Указ Меншикову 11 июля был недобрым предвестником. Вслед за ним последовал отзыв светлейшего из Риги в Петербург под благовидным предлогом: в столице, дескать, нуждались в его советах по поводу «некоторых новых и важных дел». Хлопоты о судьбах герцогской короны Меншиков вручил Долгорукому, но и тому долго заниматься ими не довелось – 19 июля именным указом ему тоже следовало выехать из Митавы. Поскольку курляндцы «и доныне, – сказано в указе, – в вызывании сейму зело стоят упорно, объявляя, что то будет их правам противно, того для вам долго там быть незачем, но получа сие, не мешкав, поспешайте к нам». [351]
351
АВПР, ф. 63, 1726, д. 8, л. 19–23.
Итак, два главных действующих лица в курляндской эпопее были отозваны именными указами. А какова была судьба третьего лица, причастного к делу, – П. М. Бестужева?
После приезда в Митаву Долгорукого имя Бестужева перестает фигурировать в официальной переписке: не без того, что его заслонил собой влиятельный и стоявший на более высокой ступени служебной иерархии В. Л. Долгорукий. Но главная причина, почему Бестужева отстранили от дел, была в неудовольствии князя.

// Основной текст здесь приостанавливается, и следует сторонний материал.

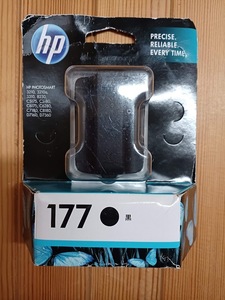 HP 177 純正 インクカートリッジ 黒 ヒューレット・パッカード１個セット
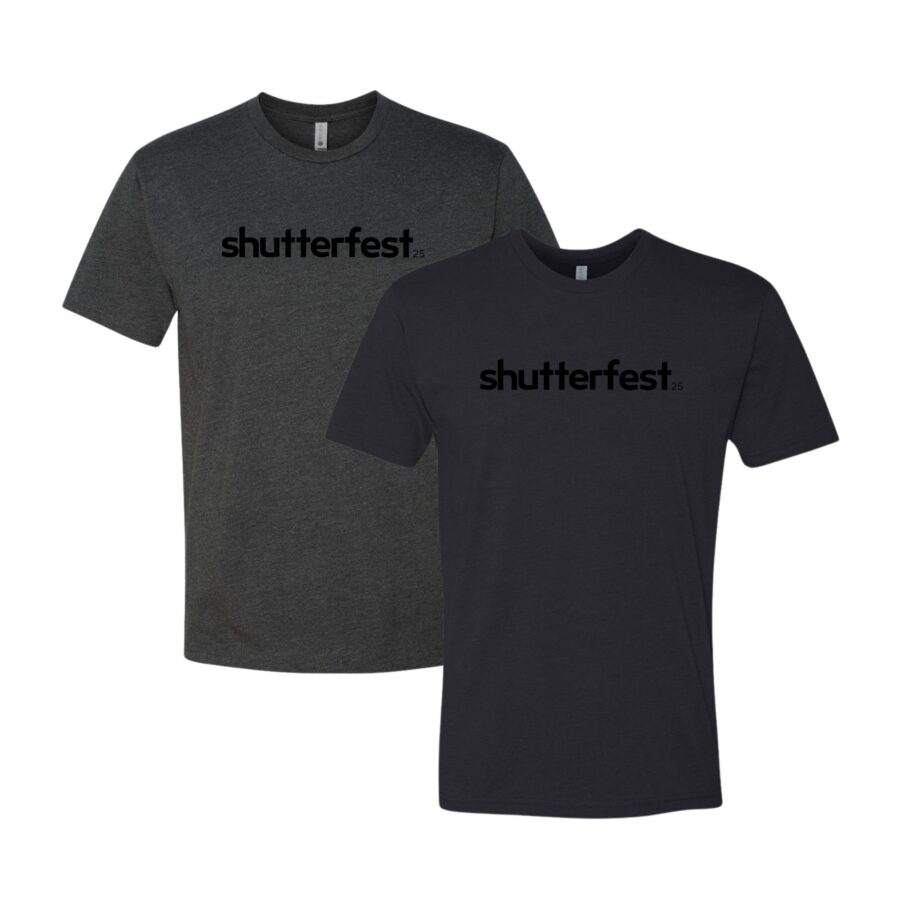 Shutterfest 25 Midnight T-Shirt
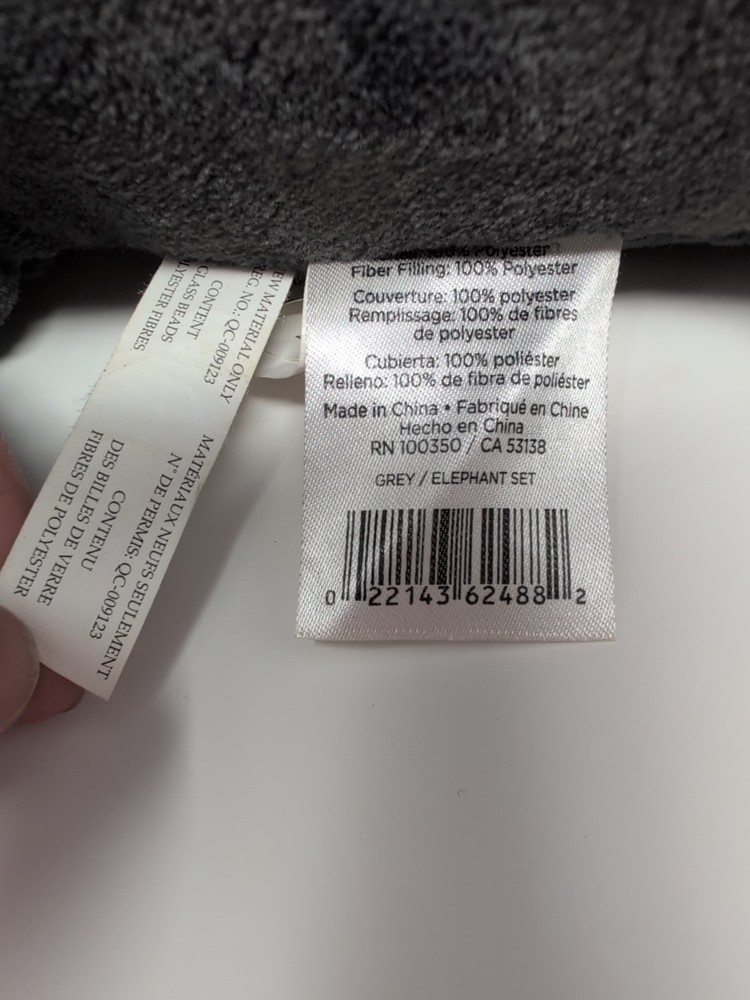 EUC Therapeutic Weighted Elephant Sensory Solution Special Needs 2 Lb Bed Bath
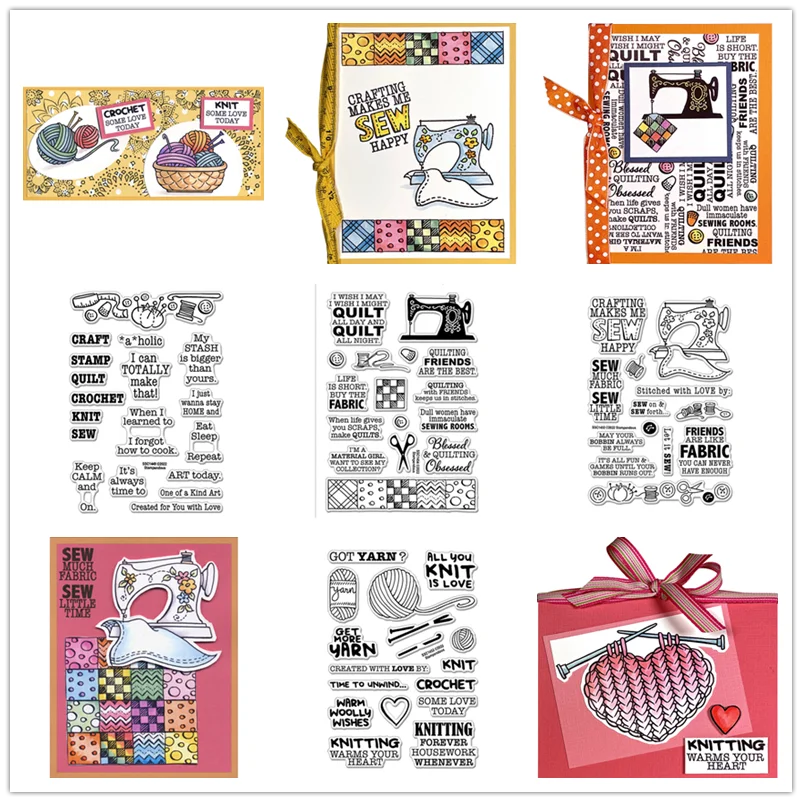 Candle Making Machine - แสตมป์ลายคำอวยพรสำหรับงานเย็บปักถักร้อย ปี 2022 สำหรับงาน Scrapbooking งานนูนลาย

Поначалу отношения между Бестужевым и Меншиковым были доброжелательными. Во всяком случае письма Бестужева к Меншикову свидетельствуют о постоянной готовности Петра Михайловича оказывать разного рода услуги светлейшему: то он взыскивал с курляндской шляхты деньги, одолженные у Меншикова, то посылал светлейшему в подарок платки, то извещал его о модах и одежде, то подыскивал модного портного, который бы согласился приехать в Петербург, чтобы обслуживать княжескую семью. В одном из писем Бестужев клялся Меншикову в верности и признательности не только за себя, но и за своих детей и убеждал его, что «акроме высочайше милостивой вашей высококняжеской светлости протекции на свете себе нигде не имею и другого инде не ищу». Правда, в письмах 1723–1724 годов личные мотивы исчезли, и письма Бестужева стали сугубо служебного характера. После двухлетнего охлаждения отношения вновь наладились, и Бестужев в мае 1725 года просил князя принять какой-то «малой презент». [352]
352
РГАДА, ф. 198, д. 391, л. 30, 40, 44, 46, 51, 67.